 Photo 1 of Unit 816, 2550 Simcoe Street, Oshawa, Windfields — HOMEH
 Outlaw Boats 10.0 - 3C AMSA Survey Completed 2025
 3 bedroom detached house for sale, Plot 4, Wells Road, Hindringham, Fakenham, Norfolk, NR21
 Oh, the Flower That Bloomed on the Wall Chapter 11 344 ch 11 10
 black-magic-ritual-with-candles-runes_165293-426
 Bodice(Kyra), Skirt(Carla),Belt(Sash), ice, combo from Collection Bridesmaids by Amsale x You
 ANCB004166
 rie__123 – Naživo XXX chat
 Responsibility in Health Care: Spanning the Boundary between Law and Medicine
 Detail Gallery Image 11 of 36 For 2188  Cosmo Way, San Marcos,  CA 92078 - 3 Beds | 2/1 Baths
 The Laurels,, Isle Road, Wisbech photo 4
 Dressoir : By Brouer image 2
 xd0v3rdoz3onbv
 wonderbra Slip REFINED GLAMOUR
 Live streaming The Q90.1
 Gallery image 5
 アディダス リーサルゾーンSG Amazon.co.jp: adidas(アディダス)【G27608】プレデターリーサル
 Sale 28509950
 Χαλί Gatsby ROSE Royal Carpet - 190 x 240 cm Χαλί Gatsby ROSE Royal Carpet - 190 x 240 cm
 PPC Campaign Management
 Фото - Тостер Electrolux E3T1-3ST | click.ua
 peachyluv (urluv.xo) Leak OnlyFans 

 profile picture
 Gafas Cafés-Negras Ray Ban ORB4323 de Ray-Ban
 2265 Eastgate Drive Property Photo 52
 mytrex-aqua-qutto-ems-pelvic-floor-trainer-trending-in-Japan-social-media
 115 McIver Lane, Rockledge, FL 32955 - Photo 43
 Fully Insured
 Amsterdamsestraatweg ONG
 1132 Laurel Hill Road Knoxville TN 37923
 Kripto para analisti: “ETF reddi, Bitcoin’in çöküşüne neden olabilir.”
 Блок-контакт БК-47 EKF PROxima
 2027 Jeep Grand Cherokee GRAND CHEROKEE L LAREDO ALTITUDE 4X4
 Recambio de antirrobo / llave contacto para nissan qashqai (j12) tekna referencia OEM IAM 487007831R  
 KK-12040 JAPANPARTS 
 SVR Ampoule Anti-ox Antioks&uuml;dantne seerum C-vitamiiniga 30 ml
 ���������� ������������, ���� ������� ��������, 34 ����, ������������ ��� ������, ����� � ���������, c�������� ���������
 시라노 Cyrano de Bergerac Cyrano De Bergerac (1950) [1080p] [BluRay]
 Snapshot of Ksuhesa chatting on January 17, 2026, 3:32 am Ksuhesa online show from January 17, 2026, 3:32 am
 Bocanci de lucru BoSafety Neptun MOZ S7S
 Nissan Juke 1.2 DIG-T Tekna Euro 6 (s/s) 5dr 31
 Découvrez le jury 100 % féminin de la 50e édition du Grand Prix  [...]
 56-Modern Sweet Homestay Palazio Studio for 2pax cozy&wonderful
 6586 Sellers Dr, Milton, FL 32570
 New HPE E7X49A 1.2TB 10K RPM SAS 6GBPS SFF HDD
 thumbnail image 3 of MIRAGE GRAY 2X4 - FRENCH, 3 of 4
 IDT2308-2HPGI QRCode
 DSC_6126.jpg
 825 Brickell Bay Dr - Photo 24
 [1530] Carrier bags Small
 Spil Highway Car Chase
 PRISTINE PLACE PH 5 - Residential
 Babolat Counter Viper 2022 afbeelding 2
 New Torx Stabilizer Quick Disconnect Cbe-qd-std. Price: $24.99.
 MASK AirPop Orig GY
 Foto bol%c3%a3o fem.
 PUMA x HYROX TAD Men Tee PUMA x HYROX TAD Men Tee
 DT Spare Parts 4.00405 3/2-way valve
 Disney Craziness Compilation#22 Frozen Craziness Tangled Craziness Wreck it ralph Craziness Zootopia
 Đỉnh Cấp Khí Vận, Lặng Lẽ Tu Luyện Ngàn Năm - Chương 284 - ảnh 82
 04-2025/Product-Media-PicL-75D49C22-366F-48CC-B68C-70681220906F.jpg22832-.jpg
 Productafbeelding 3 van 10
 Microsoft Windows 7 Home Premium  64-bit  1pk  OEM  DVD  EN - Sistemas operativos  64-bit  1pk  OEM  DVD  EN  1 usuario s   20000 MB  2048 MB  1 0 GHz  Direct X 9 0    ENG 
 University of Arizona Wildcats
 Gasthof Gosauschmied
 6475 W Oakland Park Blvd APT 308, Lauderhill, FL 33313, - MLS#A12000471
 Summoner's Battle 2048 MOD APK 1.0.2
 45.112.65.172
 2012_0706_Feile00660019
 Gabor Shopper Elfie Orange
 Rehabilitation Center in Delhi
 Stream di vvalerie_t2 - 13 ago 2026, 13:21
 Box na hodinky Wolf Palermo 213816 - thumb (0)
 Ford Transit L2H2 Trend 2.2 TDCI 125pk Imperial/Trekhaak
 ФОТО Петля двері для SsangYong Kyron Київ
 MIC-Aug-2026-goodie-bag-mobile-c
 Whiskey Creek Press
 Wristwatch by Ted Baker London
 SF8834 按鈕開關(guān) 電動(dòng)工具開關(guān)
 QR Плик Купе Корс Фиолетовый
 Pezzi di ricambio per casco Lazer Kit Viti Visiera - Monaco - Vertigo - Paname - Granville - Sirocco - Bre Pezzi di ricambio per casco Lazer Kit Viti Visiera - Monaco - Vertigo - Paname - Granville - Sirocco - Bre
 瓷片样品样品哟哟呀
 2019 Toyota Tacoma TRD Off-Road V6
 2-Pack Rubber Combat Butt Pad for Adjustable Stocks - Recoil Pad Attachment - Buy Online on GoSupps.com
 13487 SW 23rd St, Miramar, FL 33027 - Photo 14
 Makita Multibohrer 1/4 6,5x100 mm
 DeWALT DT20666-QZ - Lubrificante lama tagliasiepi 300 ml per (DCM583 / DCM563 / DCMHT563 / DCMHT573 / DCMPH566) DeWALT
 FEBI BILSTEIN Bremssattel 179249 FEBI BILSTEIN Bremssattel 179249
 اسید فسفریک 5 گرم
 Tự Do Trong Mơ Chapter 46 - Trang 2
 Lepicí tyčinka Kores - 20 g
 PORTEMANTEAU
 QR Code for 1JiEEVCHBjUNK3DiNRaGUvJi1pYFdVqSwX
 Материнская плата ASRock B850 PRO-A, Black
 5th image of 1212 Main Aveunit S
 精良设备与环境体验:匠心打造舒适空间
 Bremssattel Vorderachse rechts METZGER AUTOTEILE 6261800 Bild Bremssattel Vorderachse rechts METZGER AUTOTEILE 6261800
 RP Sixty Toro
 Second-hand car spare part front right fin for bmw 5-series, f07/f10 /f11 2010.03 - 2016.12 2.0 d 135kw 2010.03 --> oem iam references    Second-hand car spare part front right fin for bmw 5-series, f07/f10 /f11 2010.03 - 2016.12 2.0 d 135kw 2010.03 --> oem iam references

*TASK GOAL*. In the entries above, one line contains "6475 W Oakland" and another contains "Ford Transit L2H2". Reproduce exactly those two lines and the lines between them, nothing else.

*EXERCISE RESPONSE*.
 6475 W Oakland Park Blvd APT 308, Lauderhill, FL 33313, - MLS#A12000471
 Summoner's Battle 2048 MOD APK 1.0.2
 45.112.65.172
 2012_0706_Feile00660019
 Gabor Shopper Elfie Orange
 Rehabilitation Center in Delhi
 Stream di vvalerie_t2 - 13 ago 2026, 13:21
 Box na hodinky Wolf Palermo 213816 - thumb (0)
 Ford Transit L2H2 Trend 2.2 TDCI 125pk Imperial/Trekhaak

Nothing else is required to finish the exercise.